··· Provided records

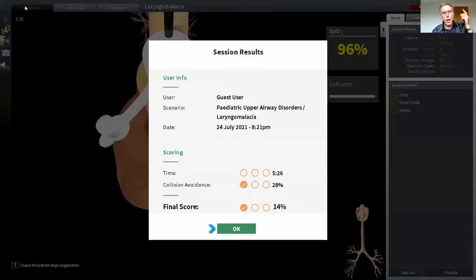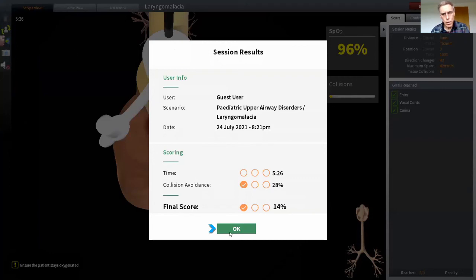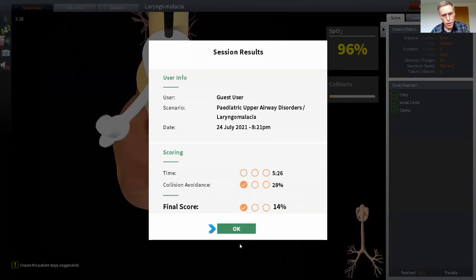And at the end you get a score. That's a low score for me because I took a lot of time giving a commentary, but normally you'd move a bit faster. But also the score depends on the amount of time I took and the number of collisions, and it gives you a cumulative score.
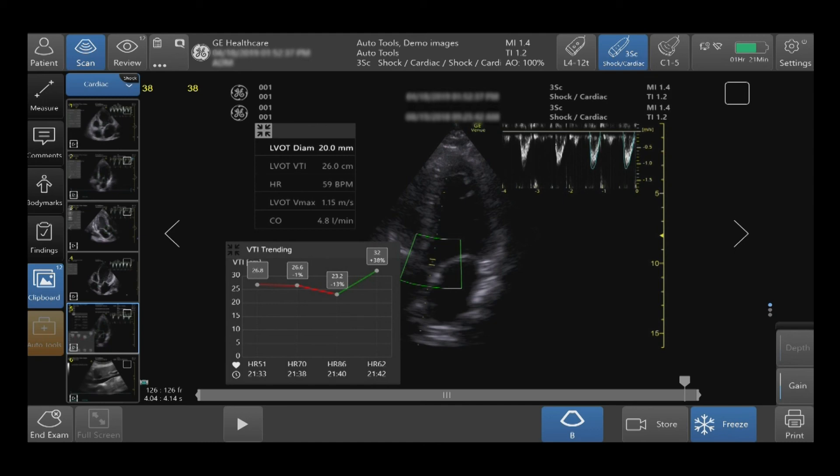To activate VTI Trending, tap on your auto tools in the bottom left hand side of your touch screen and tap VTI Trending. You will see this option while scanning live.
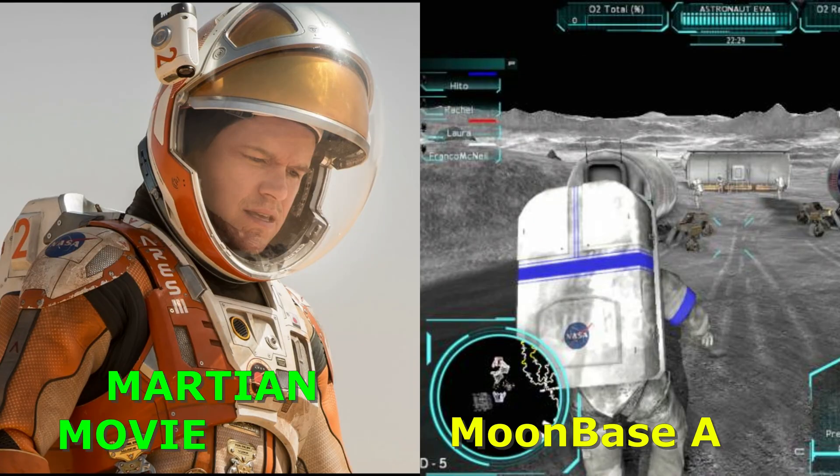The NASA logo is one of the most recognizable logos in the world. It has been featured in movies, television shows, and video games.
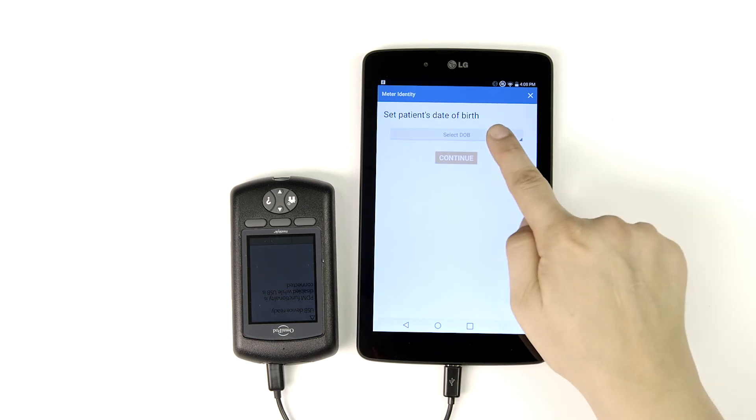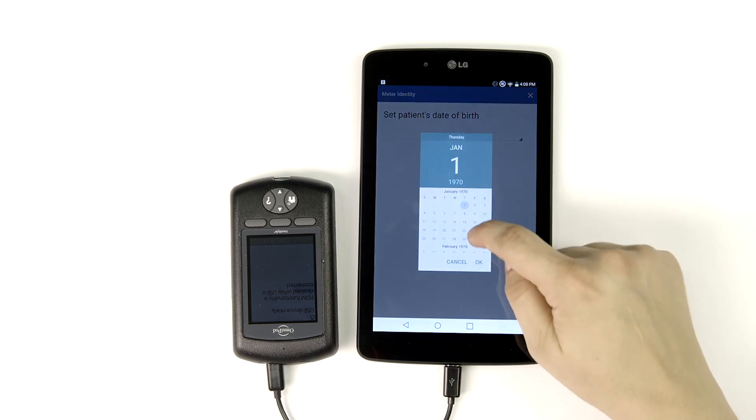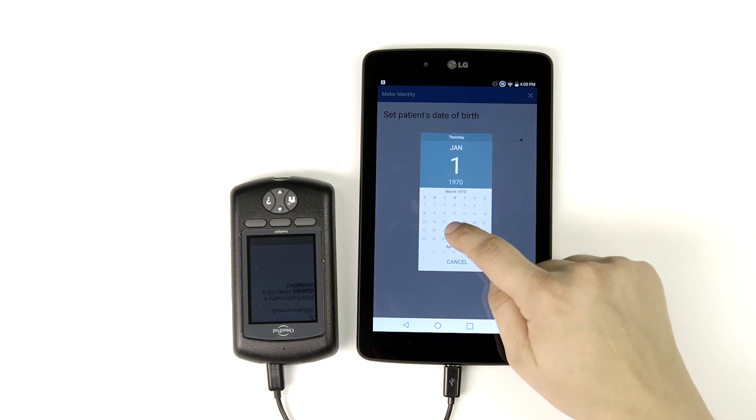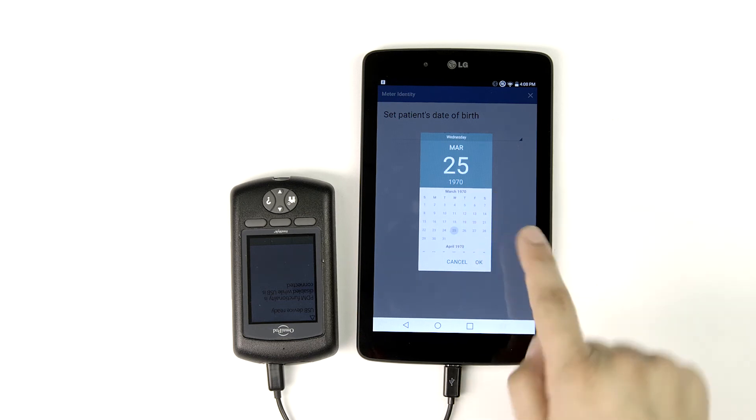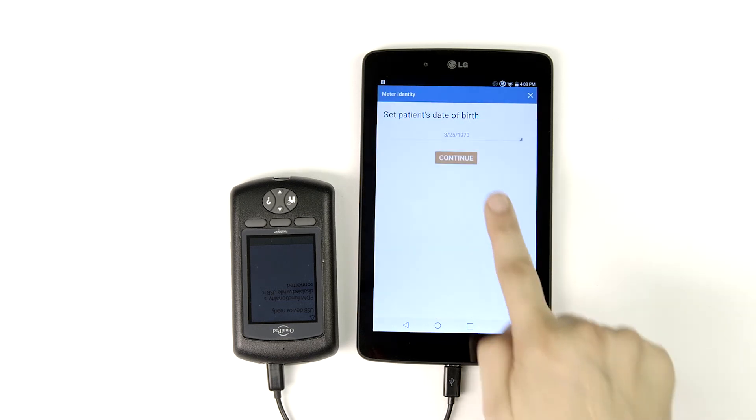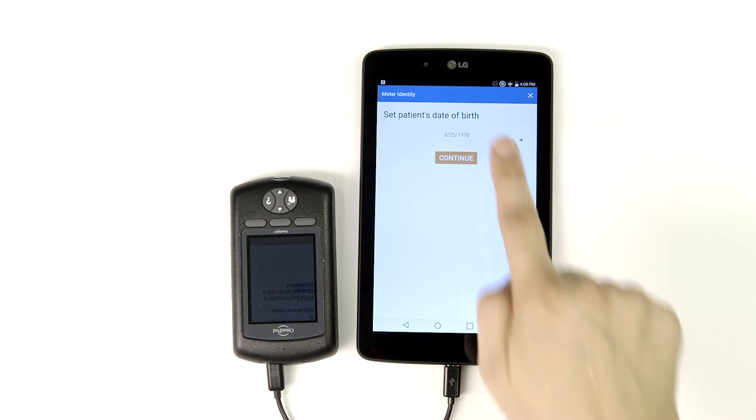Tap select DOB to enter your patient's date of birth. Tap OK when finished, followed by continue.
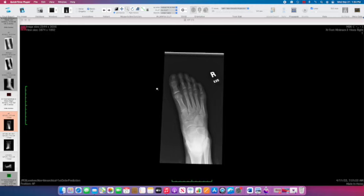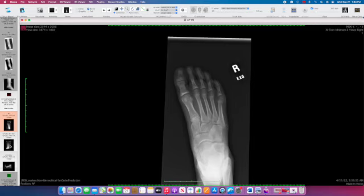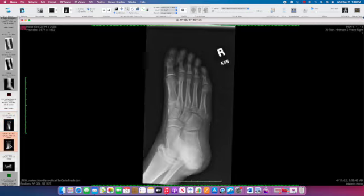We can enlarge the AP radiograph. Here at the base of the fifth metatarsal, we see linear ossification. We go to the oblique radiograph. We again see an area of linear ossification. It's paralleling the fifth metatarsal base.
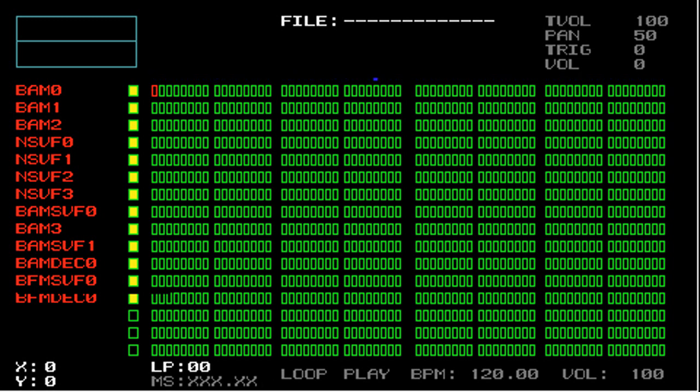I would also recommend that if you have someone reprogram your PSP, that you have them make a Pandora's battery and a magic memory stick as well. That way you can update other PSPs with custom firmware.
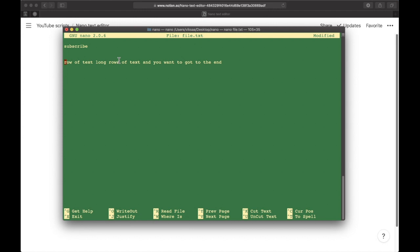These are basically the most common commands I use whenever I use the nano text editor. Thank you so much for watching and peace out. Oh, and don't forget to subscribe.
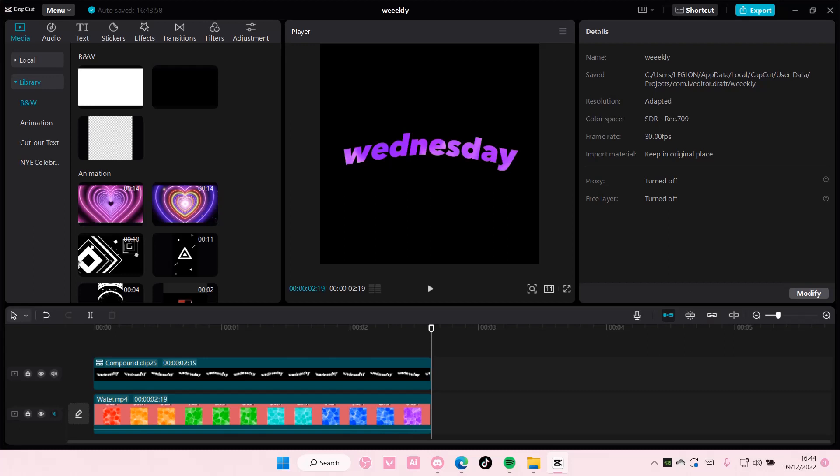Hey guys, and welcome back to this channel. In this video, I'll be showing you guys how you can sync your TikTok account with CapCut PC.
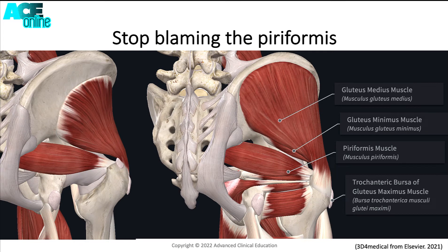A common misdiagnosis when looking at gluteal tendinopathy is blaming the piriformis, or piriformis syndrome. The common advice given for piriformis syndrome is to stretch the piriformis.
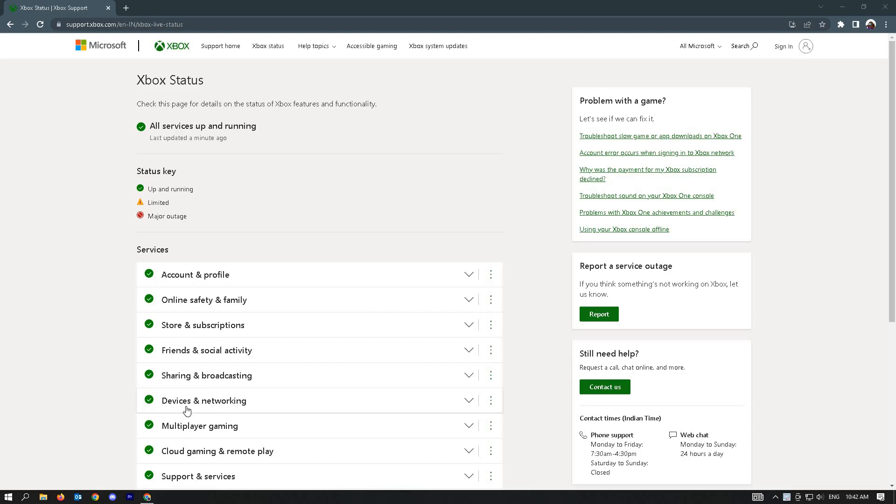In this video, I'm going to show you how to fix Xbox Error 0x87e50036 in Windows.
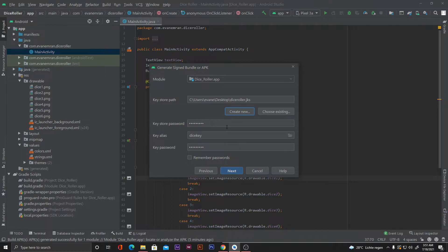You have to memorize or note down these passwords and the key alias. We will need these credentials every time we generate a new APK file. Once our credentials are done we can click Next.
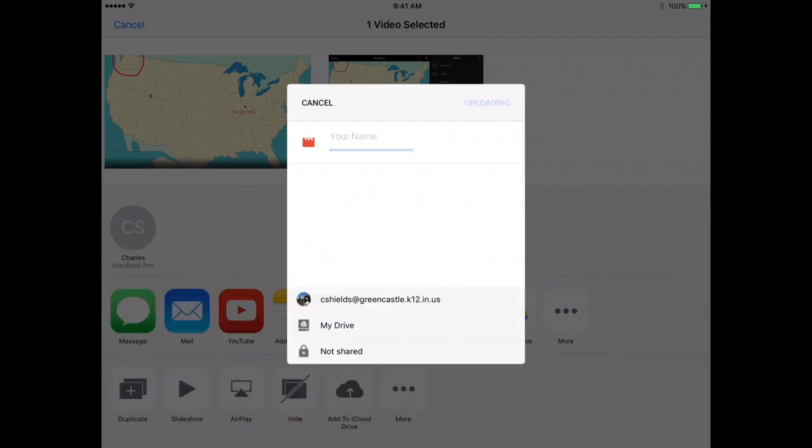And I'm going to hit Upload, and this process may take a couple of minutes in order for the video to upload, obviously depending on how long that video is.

······

Print exactly the first line of the entries and every line after it through the one that contains "These are basically", leaving the pictures out.

- [Answer below]:
And at the end you get a score. That's a low score for me because I took a lot of time giving a commentary, but normally you'd move a bit faster. But also the score depends on the amount of time I took and the number of collisions, and it gives you a cumulative score.
To activate VTI Trending, tap on your auto tools in the bottom left hand side of your touch screen and tap VTI Trending. You will see this option while scanning live.
The NASA logo is one of the most recognizable logos in the world. It has been featured in movies, television shows, and video games.
Tap select DOB to enter your patient's date of birth. Tap OK when finished, followed by continue.
We can enlarge the AP radiograph. Here at the base of the fifth metatarsal, we see linear ossification. We go to the oblique radiograph. We again see an area of linear ossification. It's paralleling the fifth metatarsal base.
I would also recommend that if you have someone reprogram your PSP, that you have them make a Pandora's battery and a magic memory stick as well. That way you can update other PSPs with custom firmware.
These are basically the most common commands I use whenever I use the nano text editor. Thank you so much for watching and peace out. Oh, and don't forget to subscribe.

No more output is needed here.